● **The records**
★ ★ ★ ★ ★ ★ ★

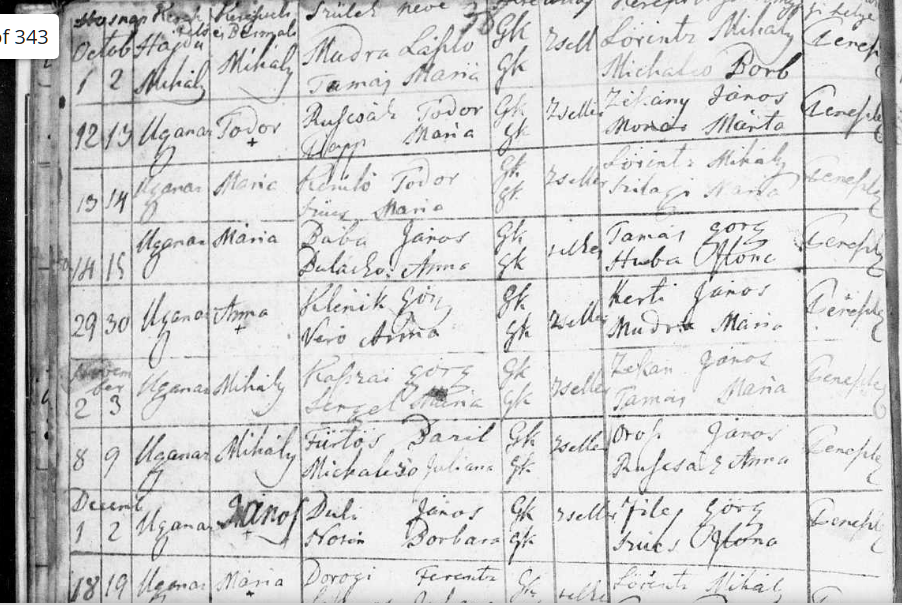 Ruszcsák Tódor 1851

★ ★ ★ ★ ★ ★ ★

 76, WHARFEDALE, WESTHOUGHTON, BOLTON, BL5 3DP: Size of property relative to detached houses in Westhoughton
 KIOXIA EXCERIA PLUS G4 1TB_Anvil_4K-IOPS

★ ★ ★ ★ ★ ★ ★

From the data above, output only the lines between the line containing "76, WHARFEDALE, WESTHOUGHTON, BOLTON, BL5" and the line containing "KIOXIA EXCERIA PLUS G4 1TB_Anvil_4K-IOPS", inclusive, exactly as written.

 76, WHARFEDALE, WESTHOUGHTON, BOLTON, BL5 3DP: Size of property relative to detached houses in Westhoughton
 KIOXIA EXCERIA PLUS G4 1TB_Anvil_4K-IOPS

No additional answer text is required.